I would use anything except the ones for BB guns from walmart (they barely enhance anything)


----------



## saintsfanbrian (Oct 30, 2008)

If the SHTF Iron Sights would be the way to go. Sure there are special forces out there that use optics but the average ground pounder doesn't. You won't be going for "precision" hits simply hitting a man sized target at distance.

A greater likelihood is that the confrontation will come at a much closer distance when point shooting will suffice for hitting your target in a manner to cause them to change their minds.

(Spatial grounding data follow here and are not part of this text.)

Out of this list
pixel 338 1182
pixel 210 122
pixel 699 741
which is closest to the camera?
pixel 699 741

If you are planning on being in the woods "sniping" then that is an entirely different story. If you are defending your home from looters and rioters, the more ammo and quicker you can put shots "down range" the better. Just remember you are responsible for the bullets that leave your gun. You hit an innocent person and you can be charged.


----------



## ke4sky (Oct 21, 2008)

*Trijicon RX09-23 with A.R.M.S. #15 Throw Lever Mount*

I use a Marlin 1894CB as my basic utility rifle. It is equipped with the XS Lever Scout rail used to install a Trijicon RX-03-23 with tritium illuminated chevron reticle which is visible in any light and requires no batteries. See: http://www.trijicon.com/faq.cfm

Chevron reticle enables a precise aiming point. The ARMS throw-lever mount positions the optic low over the bore, positioned at the balance point so the rifle throws up naturally and provides a full field of view in snap shooting. When zeroed with 158-gr. SWC .38 Specials to hit at the point of the chevron at 25 yards for small game, full-power 158-gr. .357 Magnums hit 3 inches above the point of the chevron at 100 yards, providing a 150-yd. point-blank range. Using the chevron point on the head and bracketing the legs against the target centers the group on an Army F silhouette at 200 yards.

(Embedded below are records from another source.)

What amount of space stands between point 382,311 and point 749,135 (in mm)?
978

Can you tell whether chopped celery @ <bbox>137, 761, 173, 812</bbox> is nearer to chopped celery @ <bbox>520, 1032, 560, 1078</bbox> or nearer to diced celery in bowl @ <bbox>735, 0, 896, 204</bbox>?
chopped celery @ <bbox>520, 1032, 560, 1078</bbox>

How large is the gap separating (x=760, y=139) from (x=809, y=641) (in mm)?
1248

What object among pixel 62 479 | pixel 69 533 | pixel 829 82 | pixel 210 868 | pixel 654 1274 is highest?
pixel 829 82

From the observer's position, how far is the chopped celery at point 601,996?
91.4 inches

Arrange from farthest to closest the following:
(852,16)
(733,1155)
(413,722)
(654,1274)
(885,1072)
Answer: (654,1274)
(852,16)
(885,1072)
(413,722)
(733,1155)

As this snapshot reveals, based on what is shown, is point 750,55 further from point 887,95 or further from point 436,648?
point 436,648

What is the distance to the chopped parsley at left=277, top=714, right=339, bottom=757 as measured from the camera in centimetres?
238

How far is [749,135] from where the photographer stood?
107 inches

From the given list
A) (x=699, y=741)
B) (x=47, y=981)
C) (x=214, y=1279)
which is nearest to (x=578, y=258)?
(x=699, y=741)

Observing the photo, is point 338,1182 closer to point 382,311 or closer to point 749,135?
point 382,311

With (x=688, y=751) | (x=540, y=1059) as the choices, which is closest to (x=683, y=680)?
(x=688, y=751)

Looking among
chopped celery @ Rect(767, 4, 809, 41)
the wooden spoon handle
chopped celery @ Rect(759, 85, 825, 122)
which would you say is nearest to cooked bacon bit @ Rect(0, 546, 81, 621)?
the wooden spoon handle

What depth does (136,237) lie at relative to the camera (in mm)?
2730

The XS Lever-Scout mounts supposedly don't fit octagon barrels, but are easy to adapt. Degrease the underside of the scope base. Apply release agent to the barrel. Place a pea-sized dab of Acraglas gel on the underside of the rail, an inch forward of the front dovetail anchor point. Locate the front of the rail to clear the barrel by inserting a flexible .020 plastic shim, snug the screws down and Loctite them. When the thread sealant has set up pull out the front rail locating shim.

The XS Lever Scout rail slots are dimensioned to fit Weaver bases. Fitting to a Picatinny base requires determining which cross-slot you want to locate the mount into. You then adjust slot width and depth with a square Swiss needle file to enable the crossbar to press-fit into it. Retract the thumb clamps and slide the mount over the front of the rail. The rear mount clamp tightens against the side angles of the rail only.

The front mount clamp locating crossbar is intended to be a press-fit in its slot. You want no slop after you have fitted the crossbar by touching up the slot depth and corners. After fitting properlyl, the thumb-lever mount is a quick disconnect with perfect return to zero. So I can use either the optic or backup ghost ring peep sight at will.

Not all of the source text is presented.